[Data items]
========

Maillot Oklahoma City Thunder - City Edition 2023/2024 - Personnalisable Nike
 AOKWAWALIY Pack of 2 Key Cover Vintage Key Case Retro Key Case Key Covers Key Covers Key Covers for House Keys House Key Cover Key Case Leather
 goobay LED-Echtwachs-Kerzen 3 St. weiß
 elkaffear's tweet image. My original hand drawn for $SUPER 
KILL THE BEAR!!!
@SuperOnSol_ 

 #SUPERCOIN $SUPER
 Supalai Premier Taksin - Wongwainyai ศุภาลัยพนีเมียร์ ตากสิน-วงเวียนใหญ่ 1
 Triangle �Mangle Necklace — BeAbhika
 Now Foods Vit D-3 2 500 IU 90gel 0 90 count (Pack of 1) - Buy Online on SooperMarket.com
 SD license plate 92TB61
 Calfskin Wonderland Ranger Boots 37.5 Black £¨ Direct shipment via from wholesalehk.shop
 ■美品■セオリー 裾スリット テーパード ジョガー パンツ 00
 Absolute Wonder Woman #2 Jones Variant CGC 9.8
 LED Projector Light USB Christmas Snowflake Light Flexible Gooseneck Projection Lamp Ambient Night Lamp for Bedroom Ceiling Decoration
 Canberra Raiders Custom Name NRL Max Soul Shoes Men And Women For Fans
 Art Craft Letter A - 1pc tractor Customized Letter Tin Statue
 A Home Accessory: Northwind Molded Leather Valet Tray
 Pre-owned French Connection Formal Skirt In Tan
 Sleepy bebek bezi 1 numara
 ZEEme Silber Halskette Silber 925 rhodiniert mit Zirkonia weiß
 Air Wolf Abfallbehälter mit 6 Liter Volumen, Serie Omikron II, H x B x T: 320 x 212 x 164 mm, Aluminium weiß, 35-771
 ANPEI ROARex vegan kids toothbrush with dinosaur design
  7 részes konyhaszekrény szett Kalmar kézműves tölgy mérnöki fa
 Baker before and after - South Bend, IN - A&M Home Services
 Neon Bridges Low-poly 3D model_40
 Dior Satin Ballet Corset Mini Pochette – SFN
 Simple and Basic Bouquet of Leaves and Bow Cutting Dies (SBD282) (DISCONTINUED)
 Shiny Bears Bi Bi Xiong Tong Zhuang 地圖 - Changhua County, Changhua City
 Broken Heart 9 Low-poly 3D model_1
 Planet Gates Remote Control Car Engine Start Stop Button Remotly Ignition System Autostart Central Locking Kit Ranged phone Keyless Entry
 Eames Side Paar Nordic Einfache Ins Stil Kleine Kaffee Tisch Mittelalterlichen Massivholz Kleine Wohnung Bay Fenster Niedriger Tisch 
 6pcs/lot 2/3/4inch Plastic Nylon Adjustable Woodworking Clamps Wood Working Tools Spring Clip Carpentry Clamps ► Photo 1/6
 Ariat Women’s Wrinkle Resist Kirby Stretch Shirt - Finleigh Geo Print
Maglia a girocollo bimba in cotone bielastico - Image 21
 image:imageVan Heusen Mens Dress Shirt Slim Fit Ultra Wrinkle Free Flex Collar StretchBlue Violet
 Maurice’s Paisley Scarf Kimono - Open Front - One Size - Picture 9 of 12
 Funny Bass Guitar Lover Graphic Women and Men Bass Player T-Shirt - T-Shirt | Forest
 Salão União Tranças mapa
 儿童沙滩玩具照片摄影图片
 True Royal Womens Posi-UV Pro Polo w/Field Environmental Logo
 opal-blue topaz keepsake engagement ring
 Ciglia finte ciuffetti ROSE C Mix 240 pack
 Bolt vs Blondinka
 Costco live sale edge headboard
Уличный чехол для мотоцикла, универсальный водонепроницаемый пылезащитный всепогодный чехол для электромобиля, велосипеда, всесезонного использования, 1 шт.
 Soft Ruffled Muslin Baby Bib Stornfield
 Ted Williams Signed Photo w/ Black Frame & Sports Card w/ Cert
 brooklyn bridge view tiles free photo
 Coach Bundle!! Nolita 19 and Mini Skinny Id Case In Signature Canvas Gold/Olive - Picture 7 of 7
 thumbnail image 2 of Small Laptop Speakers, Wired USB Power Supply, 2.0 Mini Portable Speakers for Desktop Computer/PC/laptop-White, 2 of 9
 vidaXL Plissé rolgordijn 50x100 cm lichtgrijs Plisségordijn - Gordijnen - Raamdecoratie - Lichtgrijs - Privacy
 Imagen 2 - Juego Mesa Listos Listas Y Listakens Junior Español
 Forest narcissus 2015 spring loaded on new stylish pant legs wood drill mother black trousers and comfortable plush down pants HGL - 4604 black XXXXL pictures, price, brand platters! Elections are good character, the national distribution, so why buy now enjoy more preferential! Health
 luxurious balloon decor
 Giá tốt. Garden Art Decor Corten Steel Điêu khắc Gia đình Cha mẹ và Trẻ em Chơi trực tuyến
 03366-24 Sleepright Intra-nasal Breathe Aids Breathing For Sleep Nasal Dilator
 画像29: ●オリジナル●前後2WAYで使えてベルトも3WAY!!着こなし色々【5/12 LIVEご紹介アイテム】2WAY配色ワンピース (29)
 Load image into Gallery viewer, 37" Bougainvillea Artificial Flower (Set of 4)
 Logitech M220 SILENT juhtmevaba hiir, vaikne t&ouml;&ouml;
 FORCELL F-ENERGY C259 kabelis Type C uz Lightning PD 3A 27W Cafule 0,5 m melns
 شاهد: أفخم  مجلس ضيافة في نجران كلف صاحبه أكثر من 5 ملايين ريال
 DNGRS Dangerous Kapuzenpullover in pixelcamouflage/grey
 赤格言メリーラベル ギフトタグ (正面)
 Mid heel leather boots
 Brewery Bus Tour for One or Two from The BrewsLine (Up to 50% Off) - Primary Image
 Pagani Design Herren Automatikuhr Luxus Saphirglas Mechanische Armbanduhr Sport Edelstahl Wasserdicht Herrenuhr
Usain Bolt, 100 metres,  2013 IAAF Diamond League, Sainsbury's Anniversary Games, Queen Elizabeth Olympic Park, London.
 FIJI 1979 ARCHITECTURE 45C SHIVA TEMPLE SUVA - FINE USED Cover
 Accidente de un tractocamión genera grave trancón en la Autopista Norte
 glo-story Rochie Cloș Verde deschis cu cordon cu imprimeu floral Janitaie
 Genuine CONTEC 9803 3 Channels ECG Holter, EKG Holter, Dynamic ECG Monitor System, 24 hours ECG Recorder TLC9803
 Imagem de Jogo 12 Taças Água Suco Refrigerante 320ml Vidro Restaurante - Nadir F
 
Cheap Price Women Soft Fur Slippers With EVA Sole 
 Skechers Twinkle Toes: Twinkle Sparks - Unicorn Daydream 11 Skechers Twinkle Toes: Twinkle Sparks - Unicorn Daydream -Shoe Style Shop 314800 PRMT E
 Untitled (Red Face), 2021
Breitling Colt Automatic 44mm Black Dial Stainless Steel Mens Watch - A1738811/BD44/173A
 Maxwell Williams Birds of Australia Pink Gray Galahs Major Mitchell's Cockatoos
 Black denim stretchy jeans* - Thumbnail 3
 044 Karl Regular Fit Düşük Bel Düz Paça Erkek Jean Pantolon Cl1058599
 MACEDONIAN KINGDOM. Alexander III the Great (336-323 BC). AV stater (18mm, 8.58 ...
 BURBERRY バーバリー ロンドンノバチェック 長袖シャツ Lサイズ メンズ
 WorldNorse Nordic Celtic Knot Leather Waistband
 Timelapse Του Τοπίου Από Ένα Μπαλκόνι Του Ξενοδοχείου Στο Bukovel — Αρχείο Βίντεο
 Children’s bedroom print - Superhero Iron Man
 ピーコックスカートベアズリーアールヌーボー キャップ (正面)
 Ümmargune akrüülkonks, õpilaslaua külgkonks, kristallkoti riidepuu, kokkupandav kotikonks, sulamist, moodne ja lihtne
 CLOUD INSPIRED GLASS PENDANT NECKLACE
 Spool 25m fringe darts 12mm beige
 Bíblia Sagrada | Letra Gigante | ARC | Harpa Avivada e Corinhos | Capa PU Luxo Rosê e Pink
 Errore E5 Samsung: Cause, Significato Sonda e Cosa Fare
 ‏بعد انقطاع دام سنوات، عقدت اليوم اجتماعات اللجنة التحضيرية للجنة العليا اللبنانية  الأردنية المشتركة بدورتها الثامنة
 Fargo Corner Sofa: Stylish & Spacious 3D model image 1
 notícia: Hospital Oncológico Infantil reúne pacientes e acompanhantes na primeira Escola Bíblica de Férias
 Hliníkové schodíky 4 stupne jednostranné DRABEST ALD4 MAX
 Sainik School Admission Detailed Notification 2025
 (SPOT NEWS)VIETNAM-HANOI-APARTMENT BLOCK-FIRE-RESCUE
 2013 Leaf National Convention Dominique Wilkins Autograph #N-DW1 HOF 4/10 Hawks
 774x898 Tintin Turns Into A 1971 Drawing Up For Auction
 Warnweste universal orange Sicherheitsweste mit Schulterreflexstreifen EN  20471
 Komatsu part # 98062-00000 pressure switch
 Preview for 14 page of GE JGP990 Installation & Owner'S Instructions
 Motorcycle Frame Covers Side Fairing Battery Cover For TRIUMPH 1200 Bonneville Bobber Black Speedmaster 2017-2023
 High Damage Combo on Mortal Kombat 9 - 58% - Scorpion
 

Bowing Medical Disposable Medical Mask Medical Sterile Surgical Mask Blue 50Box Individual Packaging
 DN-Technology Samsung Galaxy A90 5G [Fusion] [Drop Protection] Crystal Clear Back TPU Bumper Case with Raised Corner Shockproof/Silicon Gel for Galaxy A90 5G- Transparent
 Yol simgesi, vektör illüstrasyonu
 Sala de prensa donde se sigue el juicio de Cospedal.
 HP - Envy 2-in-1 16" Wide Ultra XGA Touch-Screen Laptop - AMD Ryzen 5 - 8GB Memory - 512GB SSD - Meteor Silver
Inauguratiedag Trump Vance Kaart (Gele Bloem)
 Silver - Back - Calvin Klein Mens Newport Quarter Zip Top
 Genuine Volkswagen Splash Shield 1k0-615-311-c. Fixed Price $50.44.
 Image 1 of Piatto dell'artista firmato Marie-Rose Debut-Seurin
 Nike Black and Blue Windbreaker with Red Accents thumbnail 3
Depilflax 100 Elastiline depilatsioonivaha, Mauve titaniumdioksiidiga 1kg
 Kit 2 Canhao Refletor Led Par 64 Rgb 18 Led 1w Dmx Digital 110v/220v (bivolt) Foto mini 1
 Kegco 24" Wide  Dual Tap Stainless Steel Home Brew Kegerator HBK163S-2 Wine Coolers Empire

========

Work instructions: Please make an exact copy of the lines above from the line with "AOKWAWALIY Pack of" through the line with "SD license plate 92TB61", both ends included.

Answer space:
 AOKWAWALIY Pack of 2 Key Cover Vintage Key Case Retro Key Case Key Covers Key Covers Key Covers for House Keys House Key Cover Key Case Leather
 goobay LED-Echtwachs-Kerzen 3 St. weiß
 elkaffear's tweet image. My original hand drawn for $SUPER 
KILL THE BEAR!!!
@SuperOnSol_ 

 #SUPERCOIN $SUPER
 Supalai Premier Taksin - Wongwainyai ศุภาลัยพนีเมียร์ ตากสิน-วงเวียนใหญ่ 1
 Triangle �Mangle Necklace — BeAbhika
 Now Foods Vit D-3 2 500 IU 90gel 0 90 count (Pack of 1) - Buy Online on SooperMarket.com
 SD license plate 92TB61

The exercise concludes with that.